Parallel lines: OE architects’ shared career path

Parallel lines: OE architects’ shared career path

OEs Andrew Grethe and Devan Mistry, who were both at the School from 2000 to 2007, are both well on the way to qualifying as architects.

But the pair have far more than just their School and workplace in common: “Having been in the same form and Leicester House since Year 7, we took Art and Physics at A-level, went on to The University of Nottingham and London Metropolitan University together, and now even work at Farrells side by side in practice,” Devan explains.

Terry Farrell and Partners (‘Farrells’), is one of the UK’s most prestigious practices and has offices in London, Hong Kong and Shanghai. Known for its expertise in urban regeneration, its famous projects include Charing Cross railway station, the Greenwich Peninsula and Newcastle Quayside.

Both Andrew and Devan, who are pictured at the top of the Shard, the UK’s tallest building, are currently working towards their post-graduate qualification as architects at London Metropolitan. Andrew is in the first of two years’ study for his Professional Diploma in Architecture (RIBA Part 2), whilst Devan is in his final year on the same course.

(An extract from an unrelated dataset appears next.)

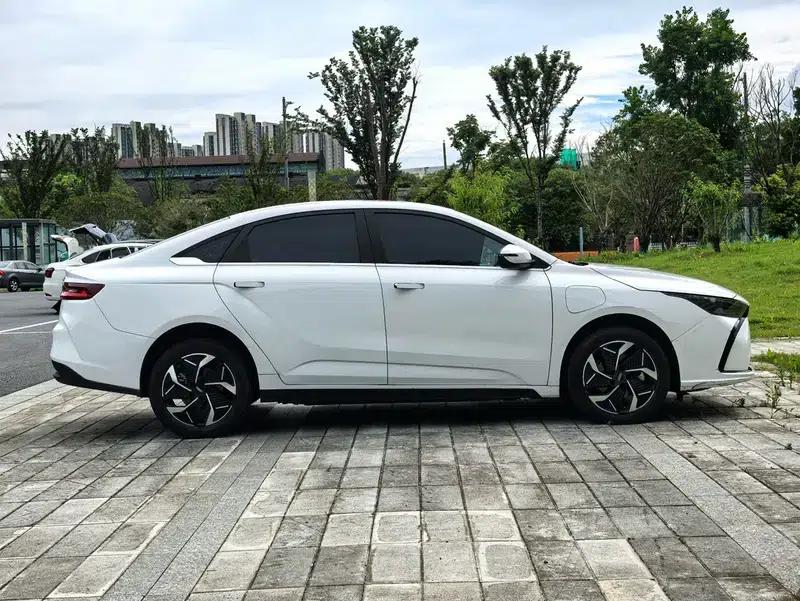 Geely Geometry G6 2024 500KM Premium Edition — миниатюра 8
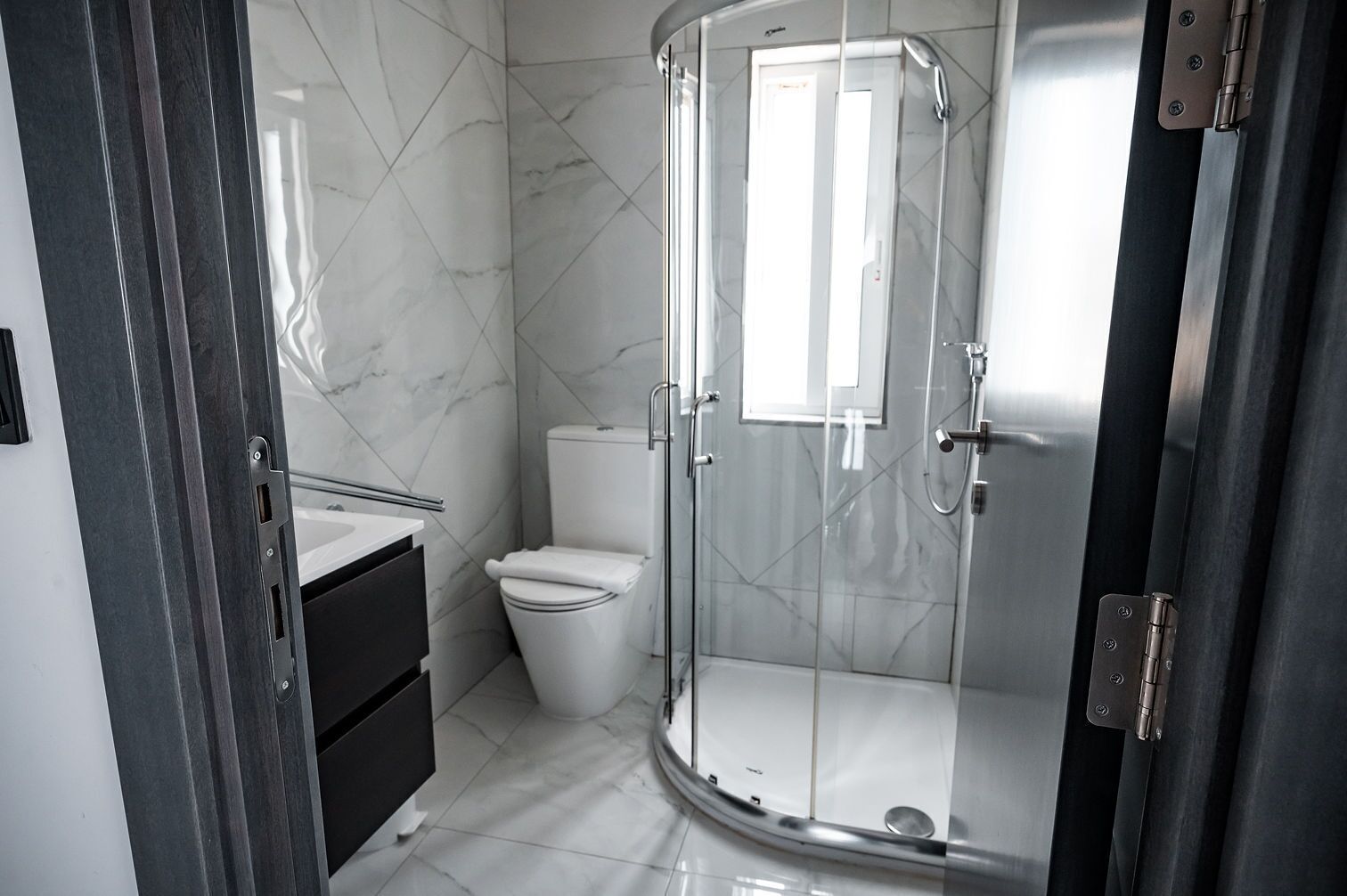 Luxury Apartment | Bilik Mandi | Pancuran mandi, kelengkapan dandanan diri percuma, pengering rambut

“After completing the postgraduate course, there are still a few more hurdles to overcome, but I should be qualified within a few years’ time, and Devan about a year earlier than myself,” Andrew says.

Devan avers that his time at QE was important in nurturing the skills required for his future career: “My interest in architecture stemmed from an early interest and passion for drawing, painting and computers; since my very first Art class at School with Mr Buckeridge and Ms Nicodemus, I developed a keen eye for compositions, collages and the digital realm of design.

“During my spare time, I travelled to various art galleries across London, often by myself, to sketch sculptures, artefacts and people passing by. Soon I found myself drawing the spaces which these wondrous pieces inhabited, such as museums, external facades and three-dimensional forms of all sorts of buildings and structures around London. At one point I became so meticulously engrossed in materials and surfaces, that I would simply sit in the living room at home, watching television, and draw the grain patterns of the wooden floor or the intricacy of the inside of flowers that my mum used to replace once a fortnight.”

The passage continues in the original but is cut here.